Short descriptive text snippets:
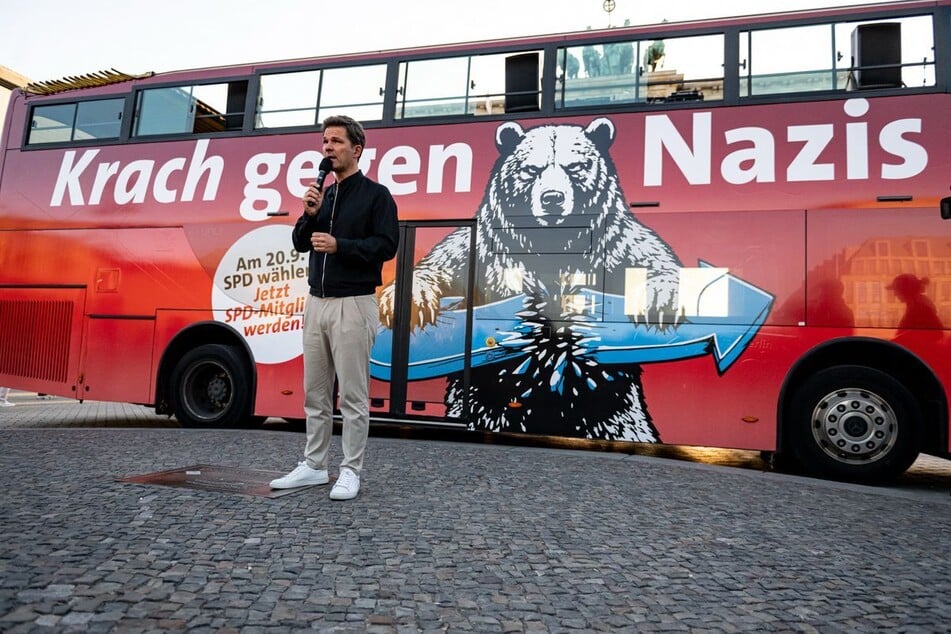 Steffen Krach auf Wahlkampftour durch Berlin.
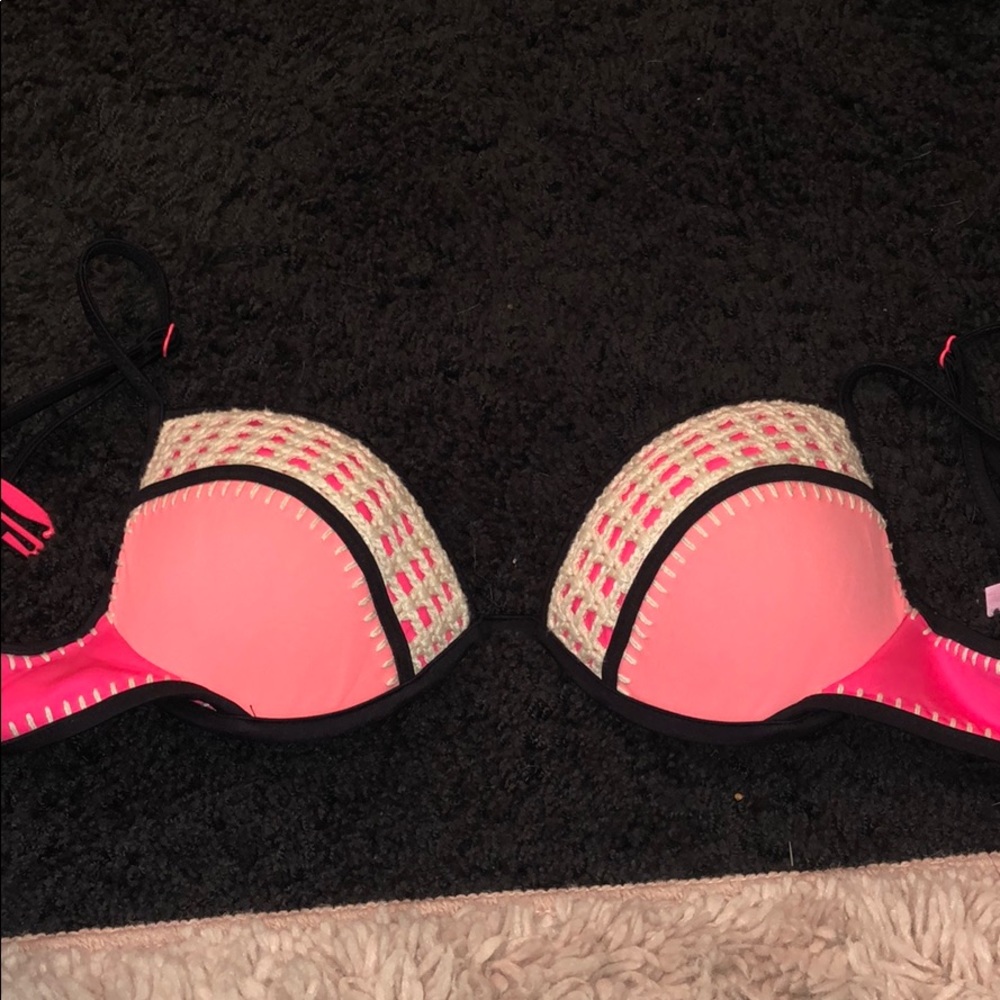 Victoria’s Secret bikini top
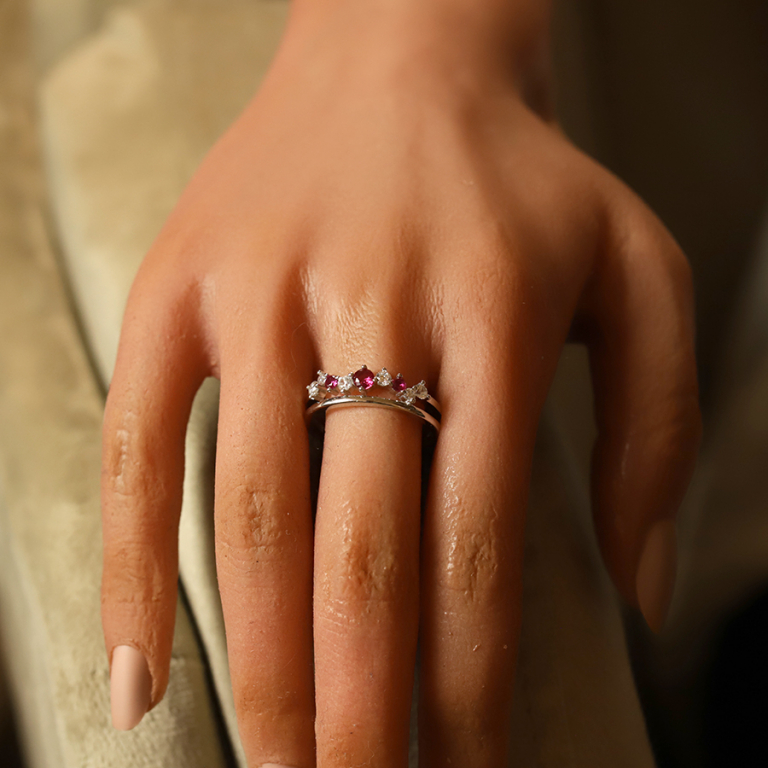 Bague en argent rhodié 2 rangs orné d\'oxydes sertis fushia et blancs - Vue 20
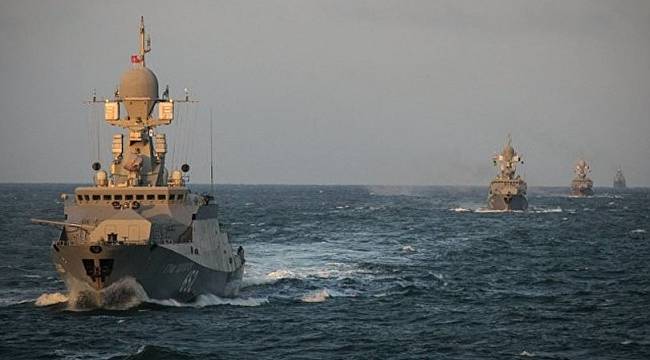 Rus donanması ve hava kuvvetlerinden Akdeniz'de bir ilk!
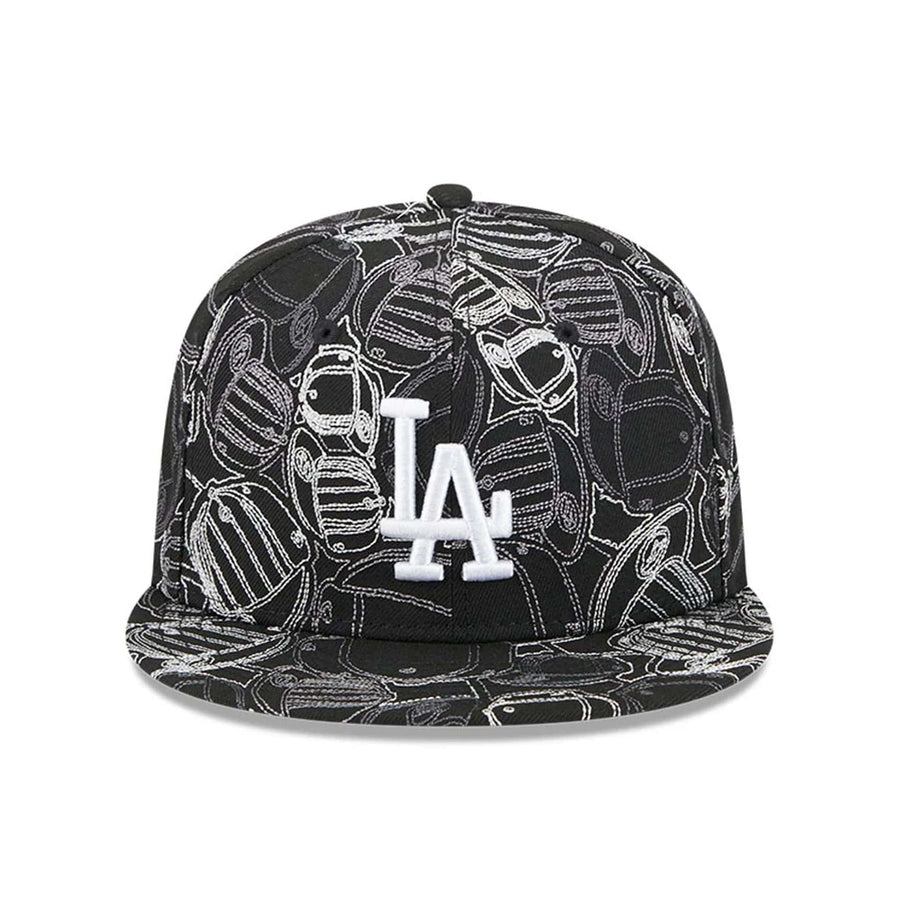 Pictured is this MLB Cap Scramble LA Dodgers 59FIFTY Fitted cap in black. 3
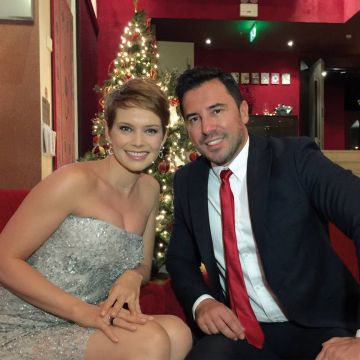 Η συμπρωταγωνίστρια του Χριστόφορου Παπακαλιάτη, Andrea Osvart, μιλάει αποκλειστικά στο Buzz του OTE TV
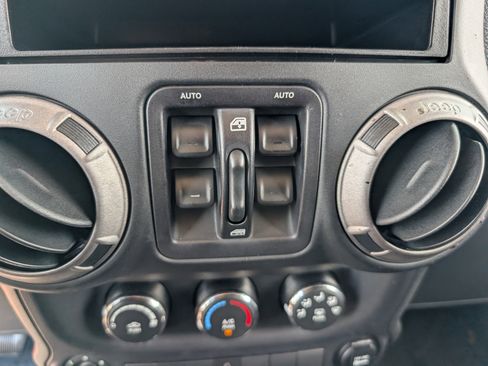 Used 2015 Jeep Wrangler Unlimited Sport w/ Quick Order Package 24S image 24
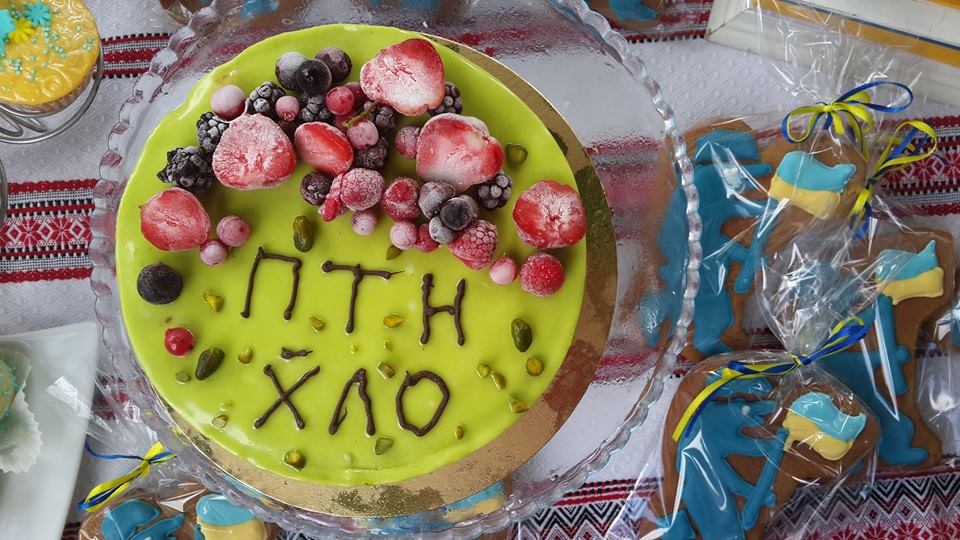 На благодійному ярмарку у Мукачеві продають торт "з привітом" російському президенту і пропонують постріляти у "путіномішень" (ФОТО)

TASK REQUIREMENTS: Return nothing except the lines from the one containing "Used 2015 Jeep" through the final line of the data, copied exactly. Leave out all pictures.

ANSWER BELOW:
 Used 2015 Jeep Wrangler Unlimited Sport w/ Quick Order Package 24S image 24
 На благодійному ярмарку у Мукачеві продають торт "з привітом" російському президенту і пропонують постріляти у "путіномішень" (ФОТО)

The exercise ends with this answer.